* _What is being asked_: Take the lines from the one containing "Logo der Firma" through the end of the material and write them out exactly, omitting pictures.

* _Data block_:
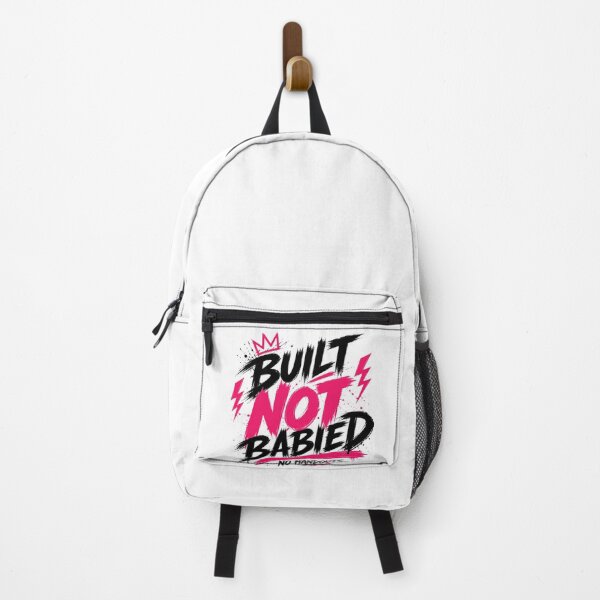 Item preview, Built Not Babied Streetwear Graphic Shirt designed and sold by StoryInCode.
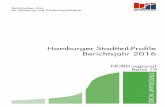 Hamburger Stadtteil-Profile Berichtsjahr 2016 · S T A T I S T I K A M T N O R D Statistisches Amt für Hamburg und Schleswig-Holstein Hamburger Stadtteil-Profile Berichtsjahr 2016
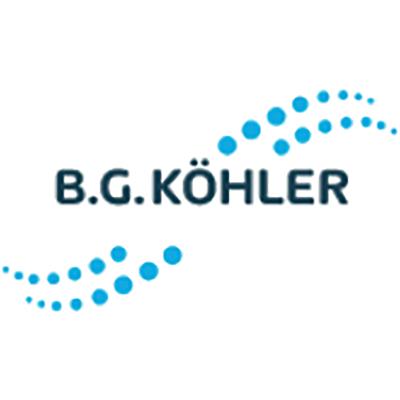 Logo der Firma Berliner Gebäudereinigung Köhler aus Berlin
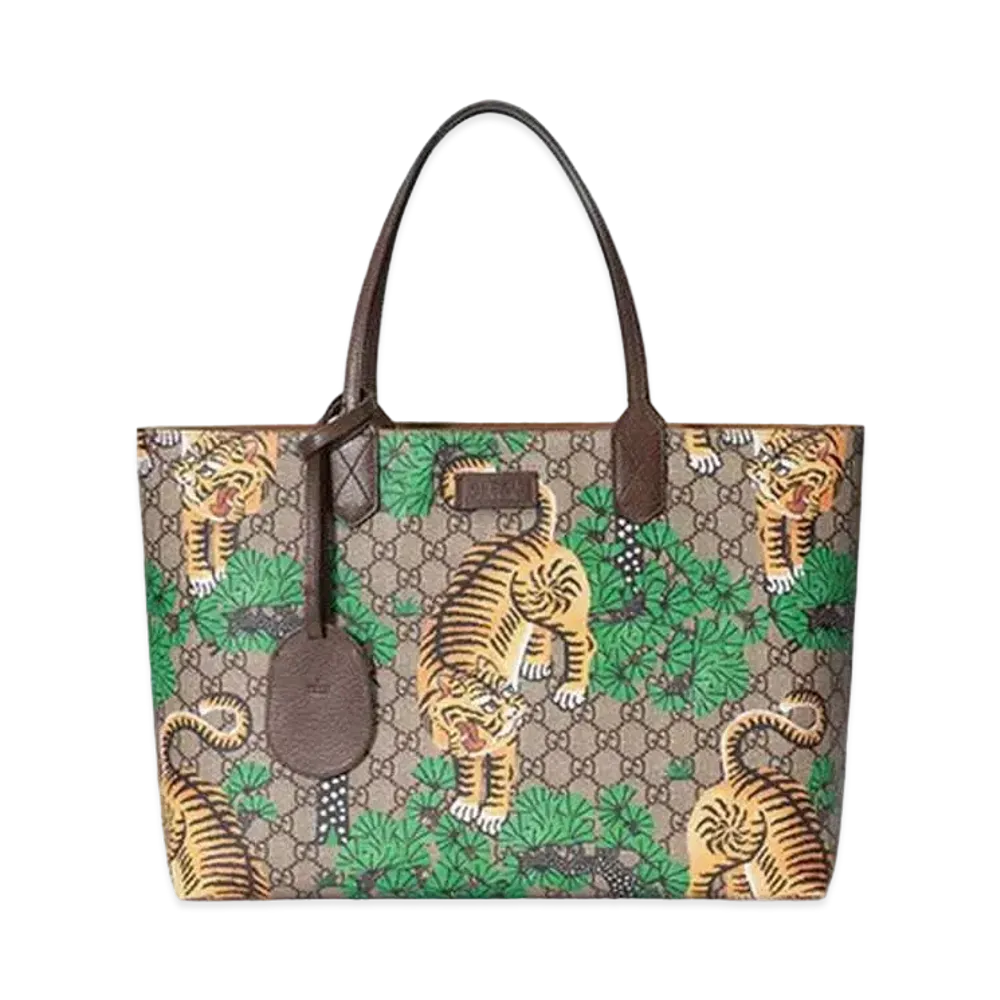 GUCCI Bengal GG Supreme Tote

* _Answer space_:
 Logo der Firma Berliner Gebäudereinigung Köhler aus Berlin
 GUCCI Bengal GG Supreme Tote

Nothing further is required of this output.